Selbst, wer Jürgen Macks Theaterarbeit seit Jahrzehnten kontinuierlich verfolgte, ihn als einen der Väter der „Theatertage am See“an der Bodenseeschule kannte, als den, der die parallel zur regulären Ausbildung laufende theaterpädagogische Ausbildung initiierte und leitete, lernte an diesem Nachmittag völlig neue Facetten kennen.
Jürgen Mack war am Seminar Bereichsleiter für Deutsch, war im Führungsteam des Seminars. Er war immer ein Unangepasster, sicherlich unbequem für seine Umgebung, fordernd, Leistung verlangend. Als den wohl letzten 68er am Seminar wurde er bezeichnet. In launigen Videosequenzen charakterisierten ihn seine Bereichsleiterkollegen als offen, ehrlich, menschlich, zupackend, impulsiv, konstruktiv, als tiefsinnigen Querdenker mit Visionen.
Direktor Karl Handschuh nannte Macks Zielstrebigkeit, sein Bemühen um Bildungschancen für alle, um eine Aufgabenkultur, und ganz besonders seine Verdienste um die Theaterpädagogik. Für den Personalrat berichtete Ulrike Fuchs vom schier unübersehbaren Netzwerk, das Mack im Profilbereich Theater aufgebaut hatte.
„Anders, größer, neu denken“, so sah sie ihn. „Ich hab’ mich euch so oft und so lang zugemutet, ich mach’s noch mal“, sagte er zuletzt und blickte offen auf seinen Weg, auf knapp 45 Jahre im Lehrberuf und 23 Jahre am Seminar, zurück.Aus Baiersbronn im Nordschwarzwald stammend, begann er seinen Zivildienst in Auschwitz, habe das aber nur wenige Wochen durchgehalten, wie er freimütig bekannte. „Alles, nur nicht Lehrer“, habe er anfangs gedacht, doch ein Vortrag Adornos zum Thema „Erziehung nach Auschwitz“habe sein Leben verändert. Jetzt wollte er Hauptschullehrer werden, ging an die PH Reutlingen und suchte sein Praxisfeld in einer Obdachlosensiedlung. Damals schon lernte er Norbert Zeller als Freund kennen. Da die Bodenseeschule als die reformpädagogische Schule Baden-Württembergs galt, ging er mit 25 dorthin: eine schwierige Zeit, die dazu zwang, mutig neue Wege zu gehen und andere Unterrichtsformen zu entwickeln. Damals habe er schon mit Theater anfangen können. Nach 20 Jahren suchte er den Wechsel, aber „bloß nicht ans Seminar“. Vor die Alternative einer Stelle auf der Schwäbischen Alb gestellt, „schluckte er die Kröte doch“. Sehr schnell konnte er seine Kompetenz erweitern, sein Netzwerk ausbauen. Bestens sei die Zusammenarbeit mit den Direktoren Siegbert Groß und Karl Handschuh gelaufen, die ihm viel Freiraum einräumten. Ob Ansätze zur Gemeinschaftsschule oder viele gewichtige Beiträge zur Fachdidaktik Deutsch – Mack war ein weitum sehr gefragter Referent.

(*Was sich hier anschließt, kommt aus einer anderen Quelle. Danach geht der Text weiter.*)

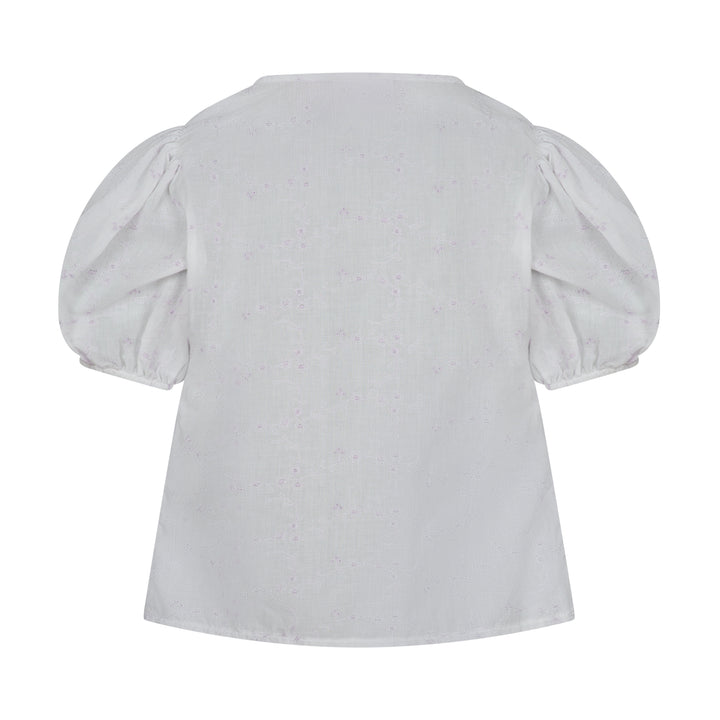 Poppy Blus - Vit & Lila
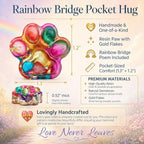 CYLDGNS dog cat memorial pocket hug token next to dark blue envelope with gold wax seal sticker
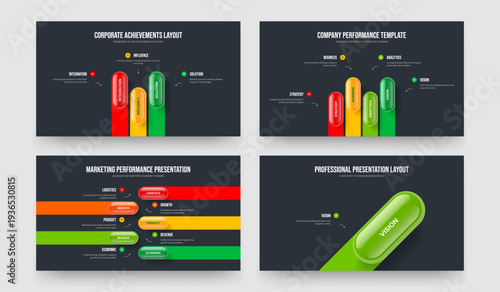 Financial Introduction 3 4 5 1 Option Diagram Presentation Layout Bundle. Advertising Forecast Three Four Five One Element Infographic Slide Template Vector Illustration Set.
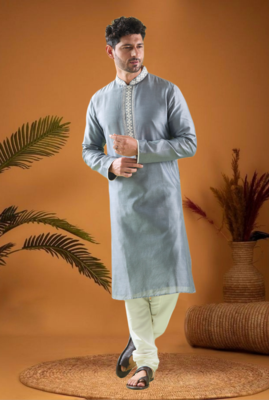 Grey cotton blend mirror work kurta pajama 1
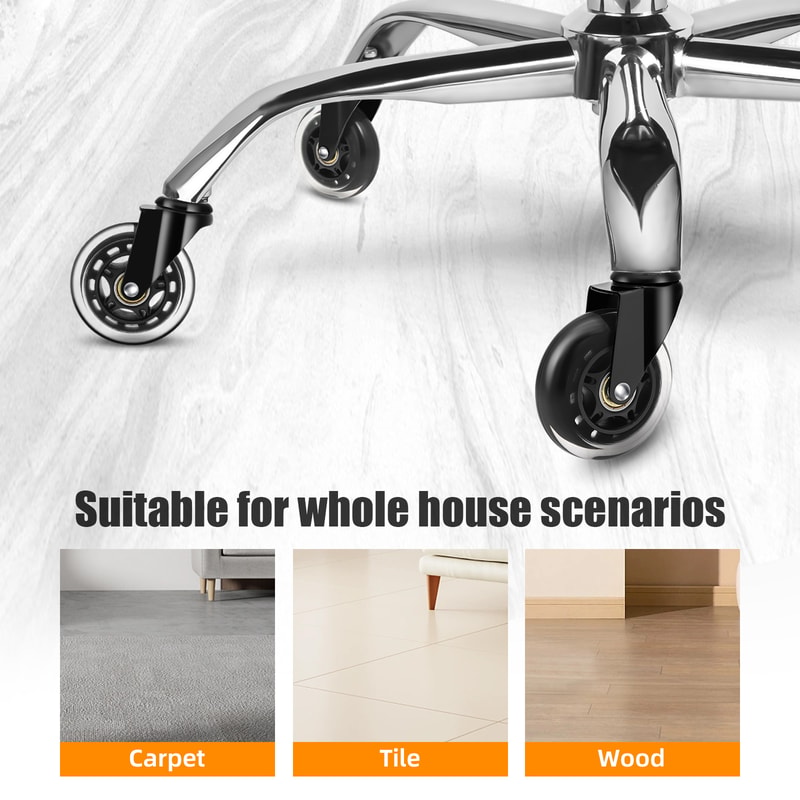 Silent Glide Office Chair Wheels Set Smooth Rolling Replacement Casters Swivel Heavy Duty 3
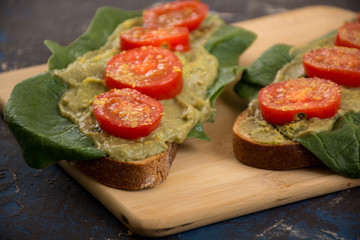 Vegan toasts for breakfast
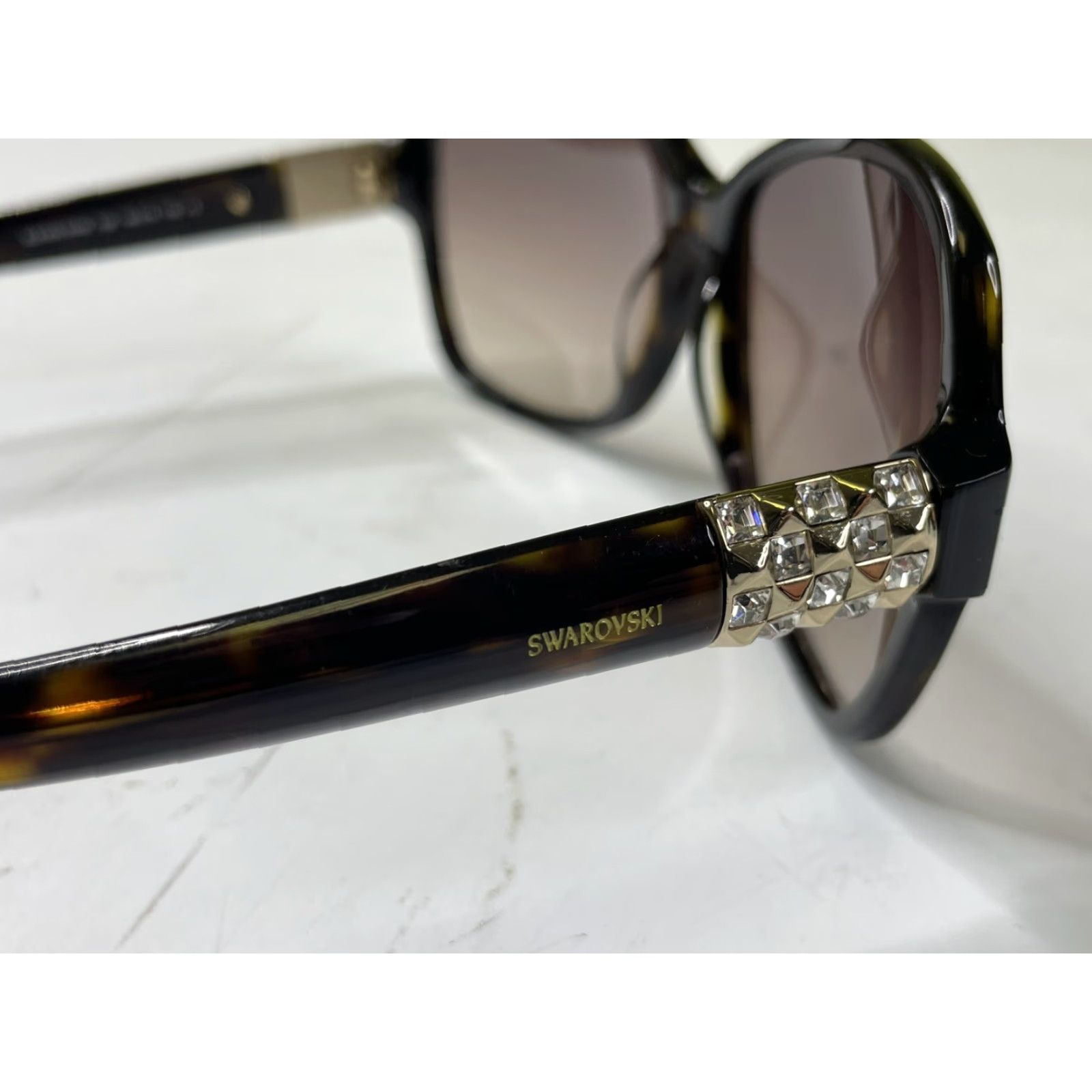 Swarovski Swarovski Sunglasses Round UV400 Brown 52F Acetate Shell Turquoise Crystals Womens Size ONE SIZE - 5 Thumbnail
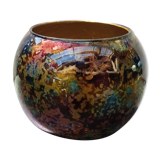 Ancien Vase Boule Verre Multicouche Multicolore Vintage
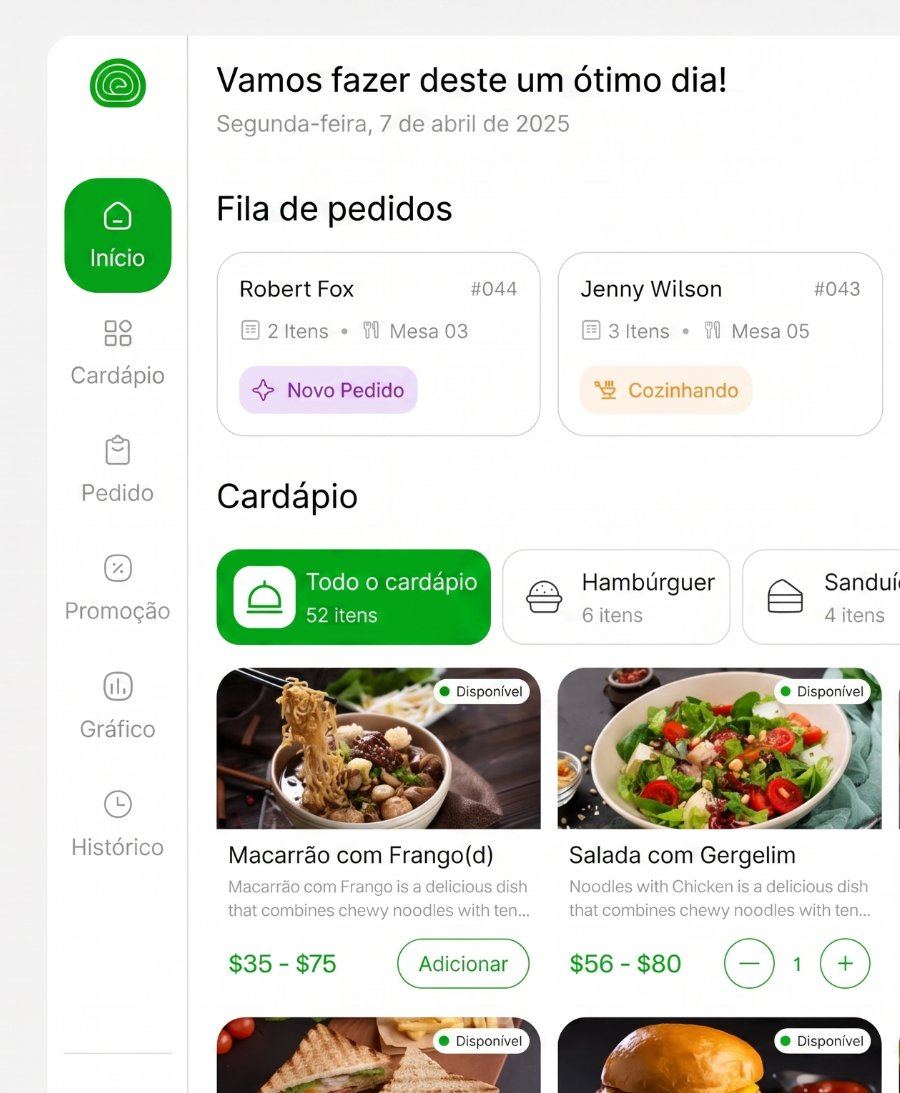Cardápio digital com fila de pedidos e catálogo de pratos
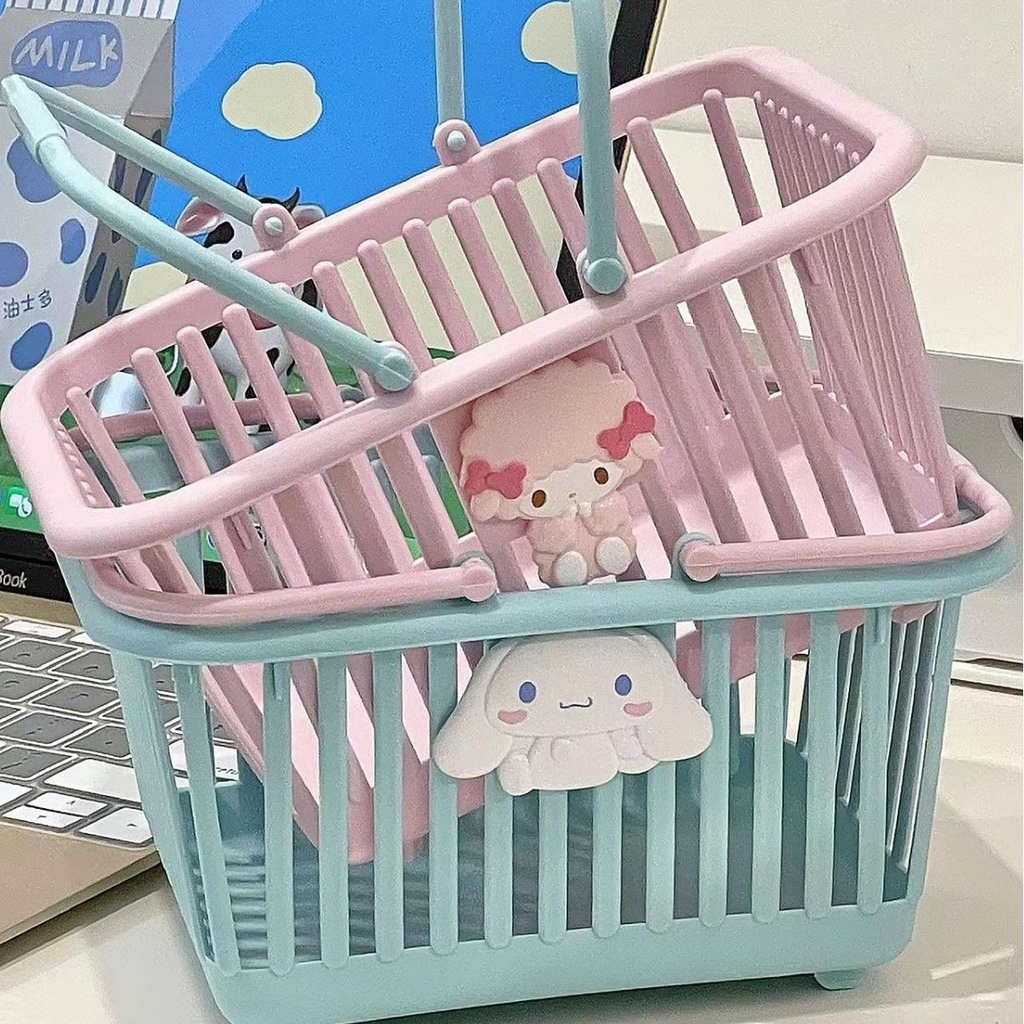 น่ารักมินิแบบพกพาตะกร้าเก็บตะกร้าเก็บสก์ท็อปมัลติฟังก์ชั่กล่องเก็บพลาสติกเครื่องเขียนจิปาถะเครื่องประดับเครื่องสําอางจัด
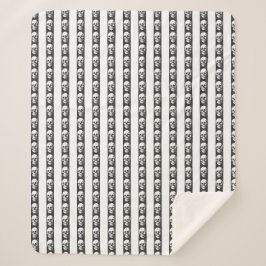 Gothic striped pattern with skulls sherpa deken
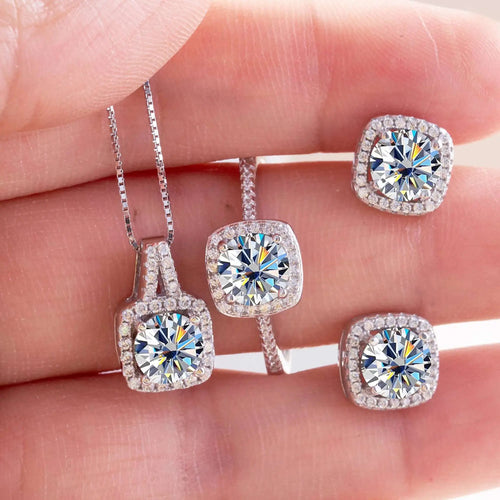 Moissanite D Color Round Cut 925 Sterling Silver Pendant Necklace and Studs Set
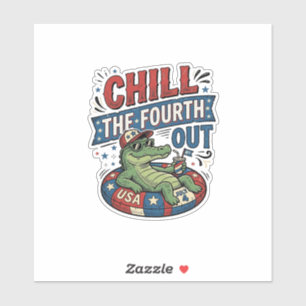 Sticker T-shirt drôle d'alligator pour le quatre juillet d
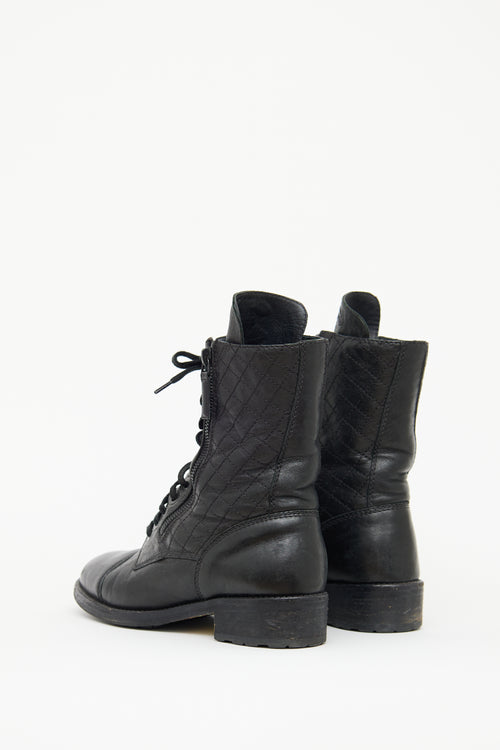 Chanel Black Quilted Laceup Combat Boot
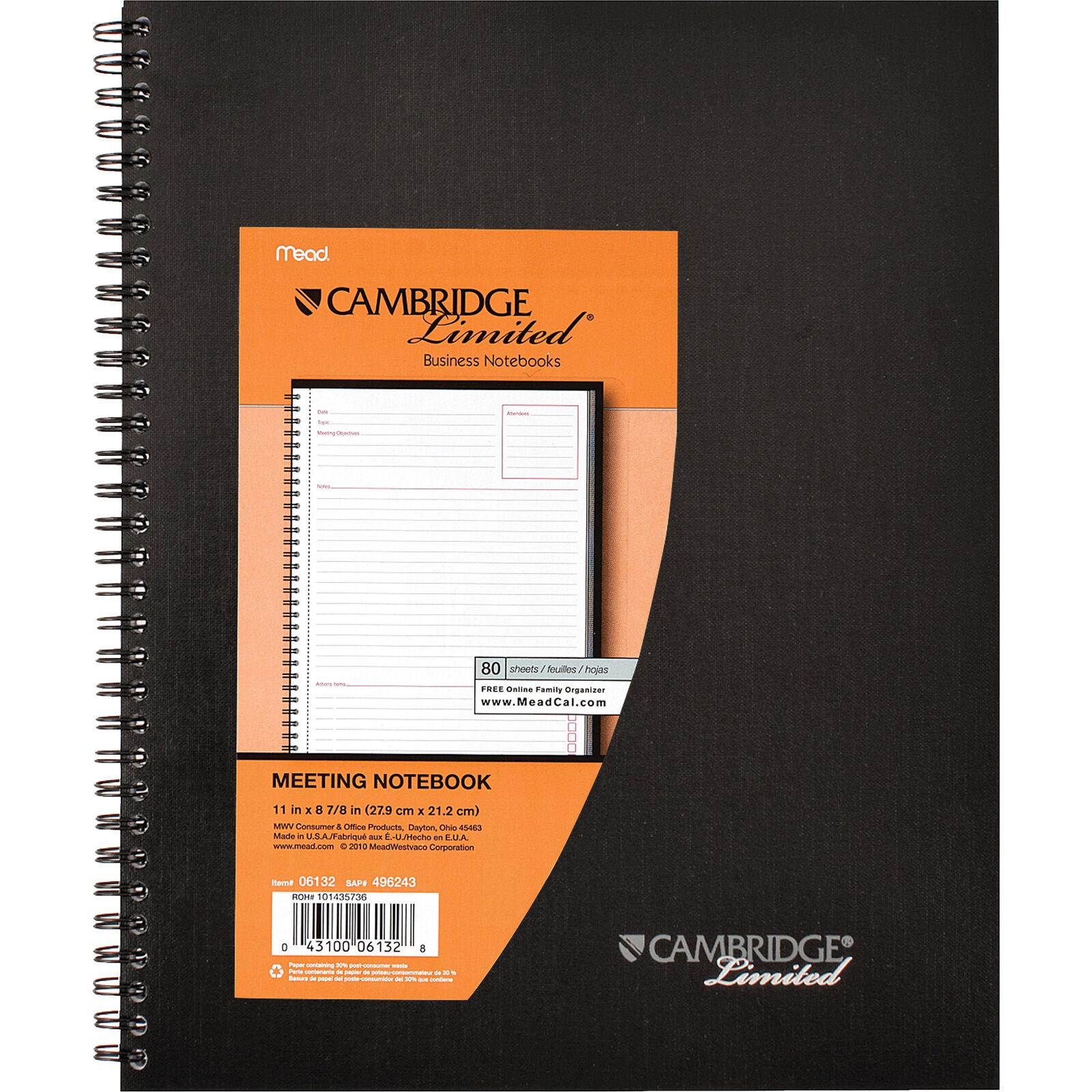 Mead Cambridge Limited Meeting Notebooks - 80 Sheet - College Ruled - (mea06132)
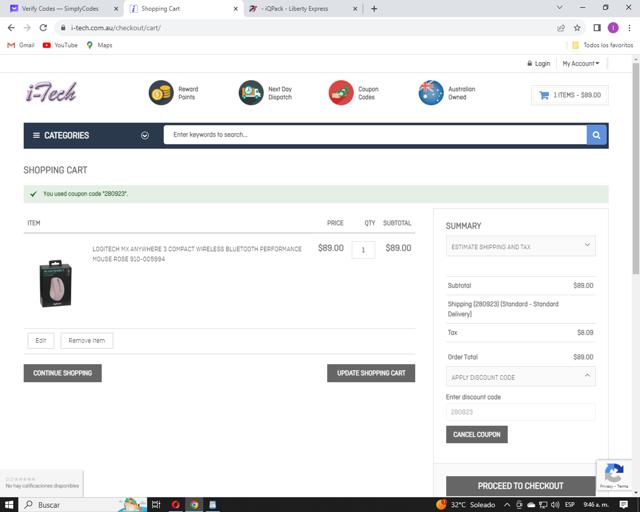 I-Tech checkout page showing I-Tech coupon code box | Screenshot taken by SimplyCodes community member on Sep 28, 2023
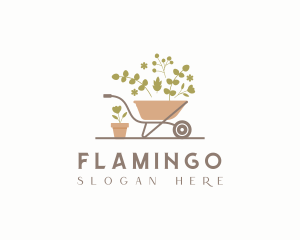 Planting - Floral Gardening Wheelbarrow logo design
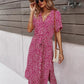 Rode Boho Chic Midi Jurk - Thora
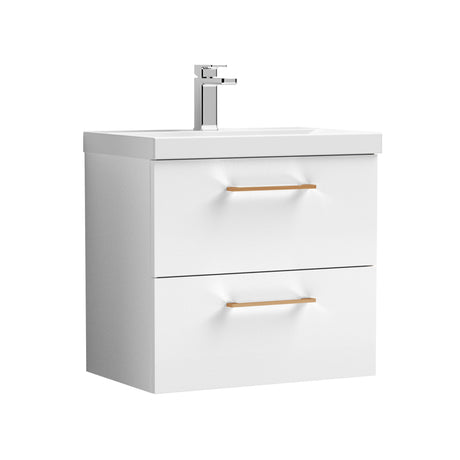 Bramshall Wall Hung 2 Drawer Vanity Unit with Mid-Edge Ceramic Basin - Choice of Colour, Handle Finish and Size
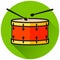 Drum circle green flat icon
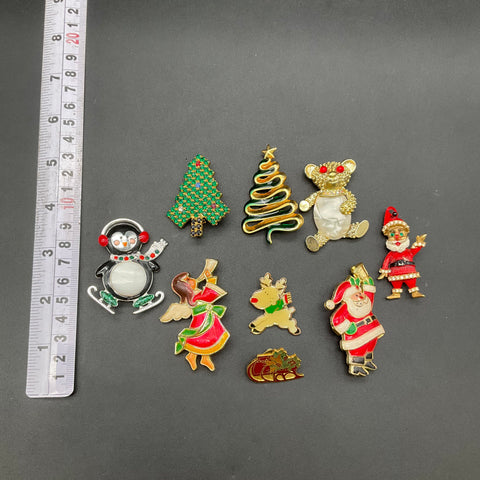 Vintage Christmas Brooches Jewelry Lot of 9 Santa Tree Reindeer Angel Penguin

Öffentlich in Erscheinung getreten ist er durch die „Theatertage am See“in der Bodenseeschule, eine Herausforderung, die fast übermenschliche organisatorische Anstrengung bedeutete. Es machte schon vor Jahren Spaß zu sehen, wie da improvisiert wurde, mit welchem Elan gearbeitet wurde. Die Teilnehmer kommen nicht nur aus Deutschland, sondern immer wieder auch aus Osteuropa. Es war und ist ein Fest der Angefressenen, mit vielen Aufführungen, mit Workshops und Diskussionen, mitgetragen von Schulleiter Gerhard Schöll der Bodenseeschule. Bald lief die theaterpädagogische Ausbildung für die Lehreranwärter am Seminar an, die trotz der hohen Anforderungen immer besser lief. Über 400 Teilnehmer liefen durch die Theaterausbildung, gaben als Multiplikatoren ihr Wissen weiter. Am Ende jedes Kurses stand jeweils die Aufführung, ein Highlight, an dem der ganze Kurs beteiligt war, zuletzt im Juni Goethes Faust. Jürgen Mack hat es auch vertragen, wenn in der Kritik kritische Töne anklangen. Dass er für seine herausragende Arbeit 2010 das Bundesverdienstkreuz bekam, spricht Bände: „Es ist allen zu verdanken, die die Theaterarbeit ermöglicht haben“, sagt er bescheiden. Vor allem weil Ehemalige drängten, gründete er 2009 auch das Theater Oberschwaben-Bodensee TOB, das 2013 mit seiner „Hommage an Loriot“den deutschen Amateurtheaterpreis gewann. Man darf davon ausgehen, dass Jürgen Mack weitermachen wird – auf deutliche und ehrliche Bitten versprach er gerne seine weitere Beratung und Unterstützung.